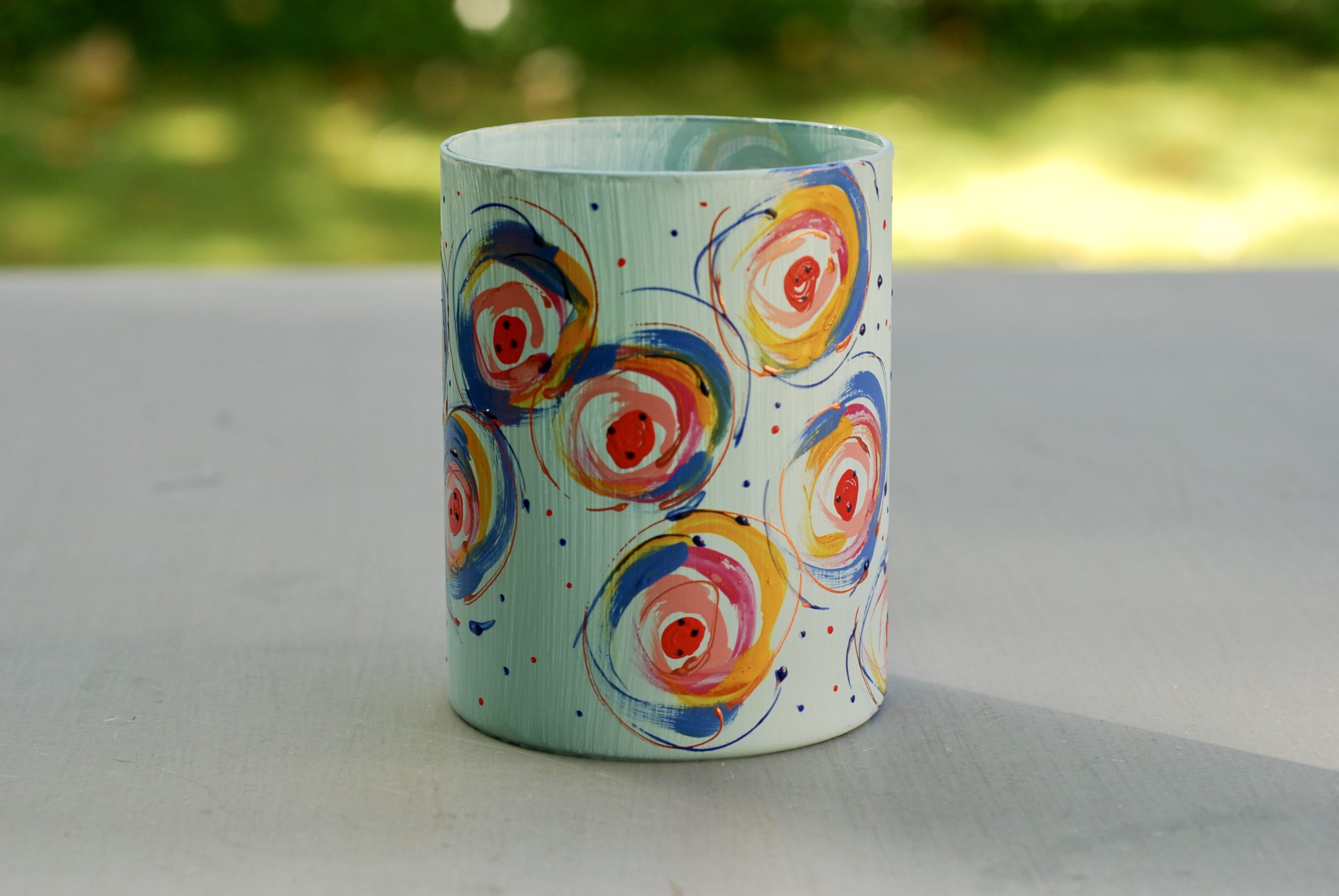 Glazen handgeschilderde bloemenvaas blauw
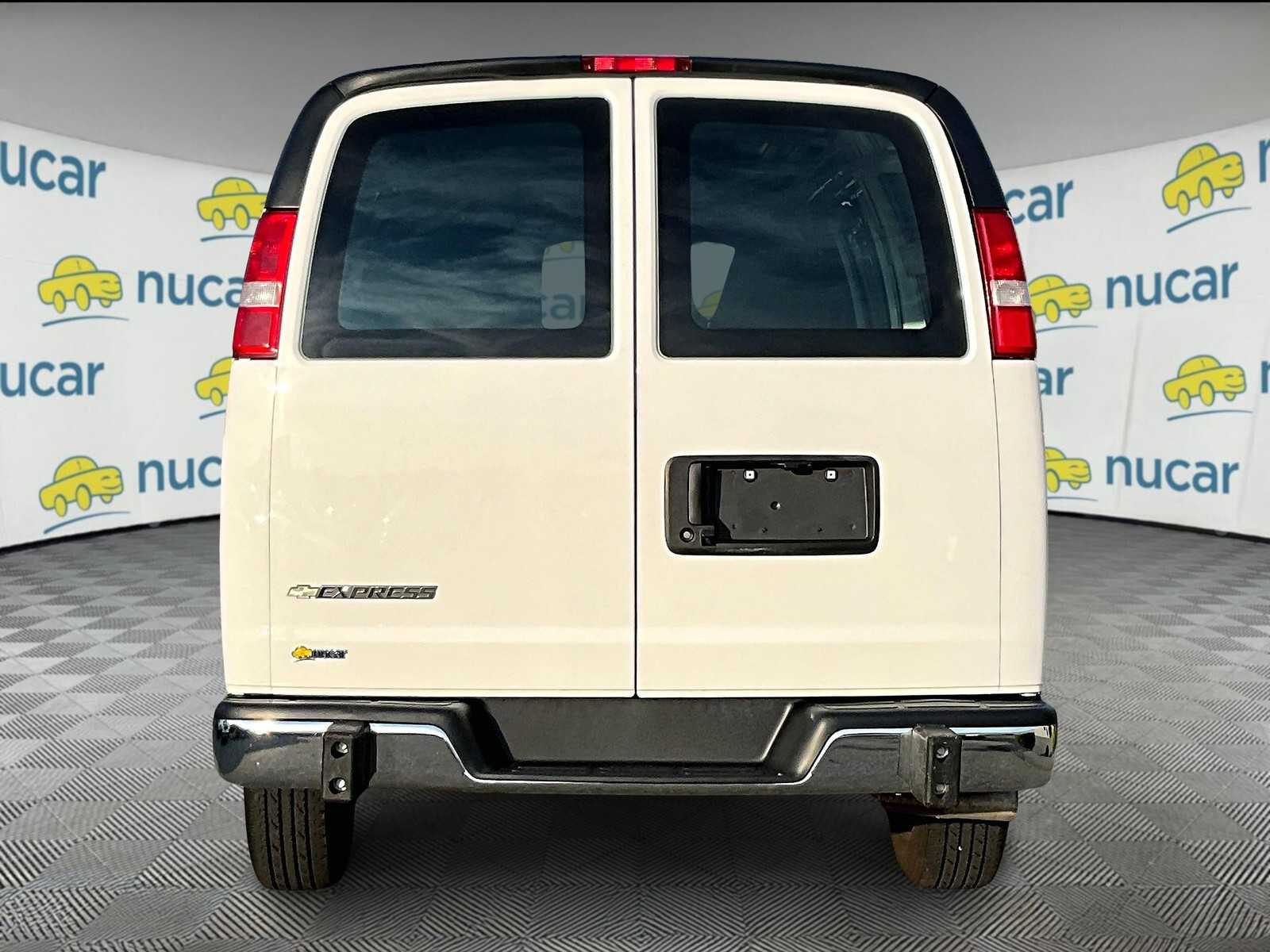 2024 Chevrolet Express 2500 Cargo photo 7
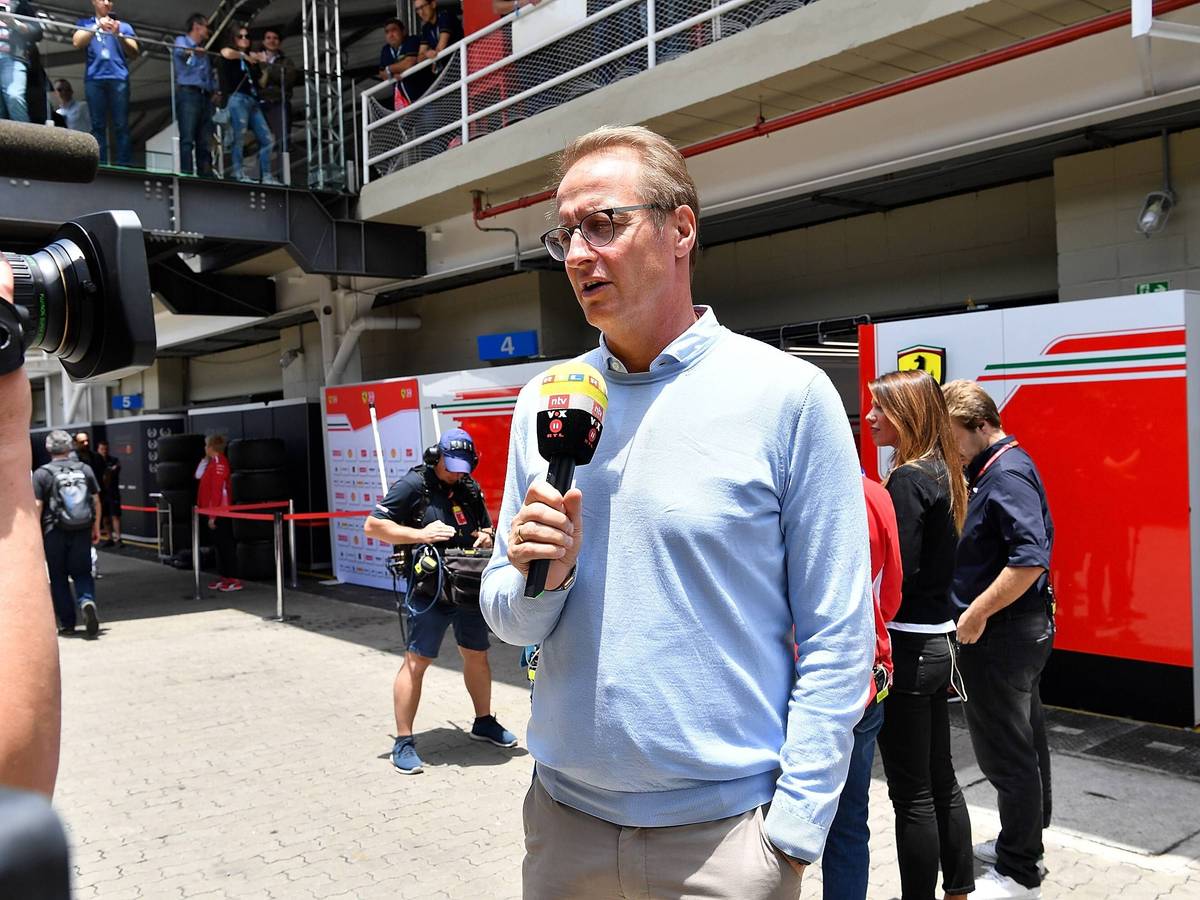Florian König moderiert eine RTL-Übertragung in der Formel 1.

• Problem details: Everything in the data must be printed verbatim except the pictures.

• Result of this task:
 Glazen handgeschilderde bloemenvaas blauw
 2024 Chevrolet Express 2500 Cargo photo 7
Florian König moderiert eine RTL-Übertragung in der Formel 1.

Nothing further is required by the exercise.